Caitlyn Jenner’s early April interview with Fox News host Tomi Lahren continues to produce headlines, as quotes from the expansive conversation reinforce what some see as a hypocritical streak among President Donald Trump’s supporters.
In the newest portion of the interview to be circulated on social media, the Olympic gold medalist, who came out as transgender in 2015, told Lahren that she had appealed to Trump for help after the gender marker on her passport was changed from female to male.
“Recently, I had my passport, I had to get it renewed. I sent it back, comes back gender marker ‘M,’” Jenner told Lahren, explaining that she had previously gone through the process of getting the gender marker on all of her identification, including her birth certificate, changed to female. “So now, I’m in a position, Tomi, that… What do I do? This is a safety factor. I can’t travel internationally anymore. I can’t use my passport.”
Jenner said she attempted to appeal the change by using a standard form to flag it as a mistake, but her request was denied. (Last year, the Supreme Court affirmed the Trump administration’s right to block trans and nonbinary people from choosing the gender marker on their passports.) So her next move was to write a letter to the president, even though she apparently has his personal cellphone number, about the implications for her and other trans people.
“I was in Mar-a-Lago two months ago, wrote a letter, explaining all of this to him, how it’s affecting me and a lot of other people. And unfortunately, he wasn’t there that weekend,” Jenner said, explaining that Secret Service personnel then promised her the letter would get to Trump’s desk.
“I haven’t heard from him. He’s kind of busy right now,” she said jokingly, as if she was about to follow up with “if you didn’t know.” “My gender marker is not big on the issue, OK. So I get that, and I’m not blaming him whatsoever. I love the guy, and I love what he’s doing.”

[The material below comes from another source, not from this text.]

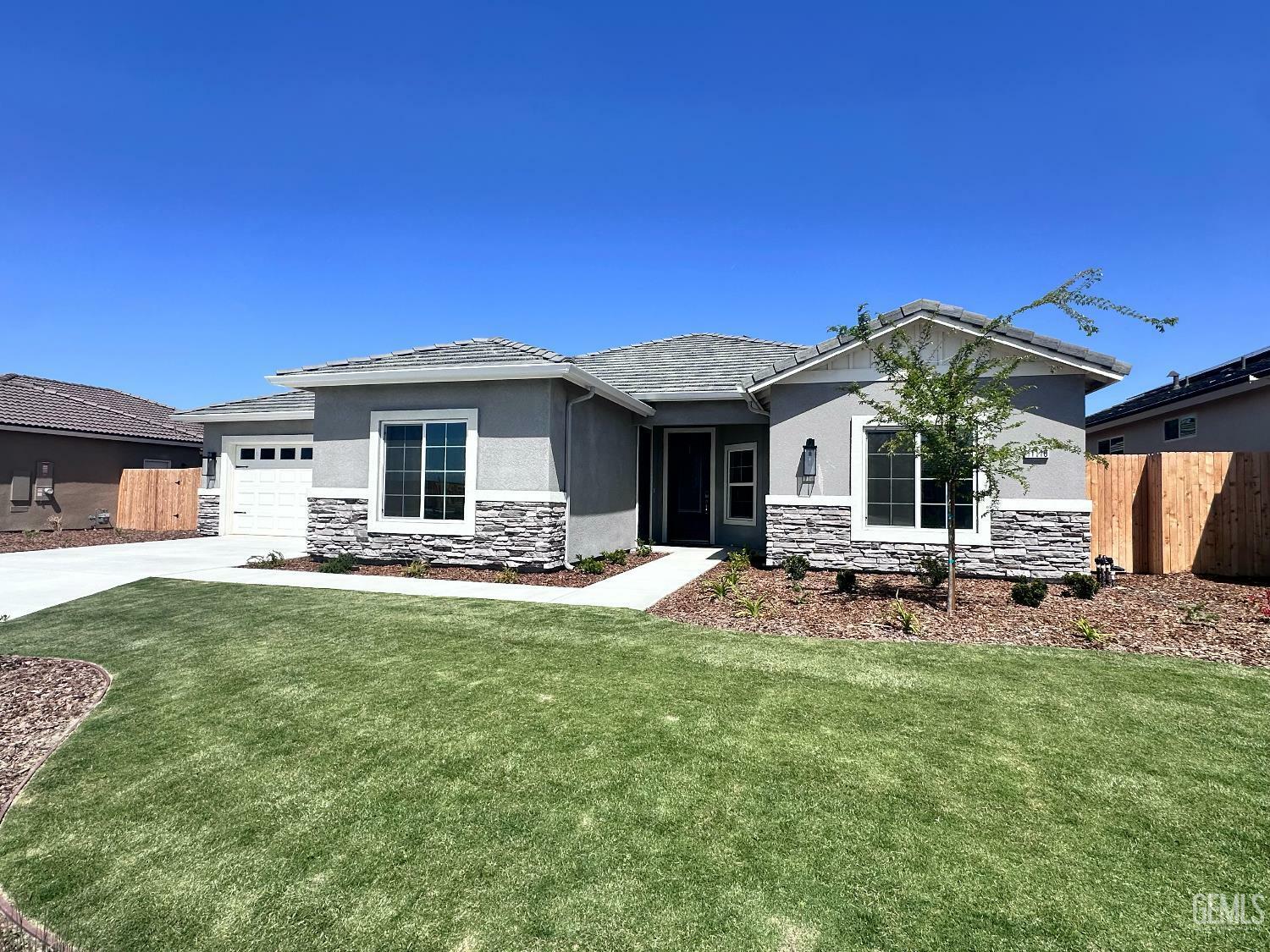 11118 Irontooth Avenue  Bakersfield CA 93311 photo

Jenner, who has been an on-again-off-again supporter of Trump since 2016, refused to place any blame on the president personally while discussing the situation with Lahren. However, she did make some comments about the policy being ill-informed, which seemed to be directed at involved parties within the administration.

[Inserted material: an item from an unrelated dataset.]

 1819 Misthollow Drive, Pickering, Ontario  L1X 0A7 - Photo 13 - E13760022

“I don’t know what’s gonna happen, because I don’t think this was really thought out, what this means,” she said, going on a tangent about how the policy is especially unrealistic when it comes to trans men, who she claimed have an easier time transitioning because testosterone is “a very strong drug.”
“It’s not gonna work,” she said. “And I don’t know what the solution is yet. And unfortunately, I haven’t had a chance to talk to the president about it. But this is a big issue.”
Jenner — a record-breaking decathlete who reentered the limelight in the 2000s through Keeping Up with the Kardashians — also touched on the fact that her new passport could affect her eligibility to vote, in light of another recent Trump policy. Though she didn’t actually criticize the controversial SAVE America Act, Jenner instead said matter-of-factly that she now wouldn’t have the proper identification. And, as if to affirm her loyalty, she shifted to leveling blame on the left.
“We went so far to the left on this issue for the last 30 years,” Jenner said, referring to trans visibility. “Now, unfortunately, I don’t think I helped it at all. When I came out in 2015, I brought this issue forward, but I had nothing but good in my heart. I thought, ‘This is a very marginalized group of people’ — that I've been dealing with this issue since I was a little kid, and maybe I can make a difference. But unfortunately, the left kind of took my issue.”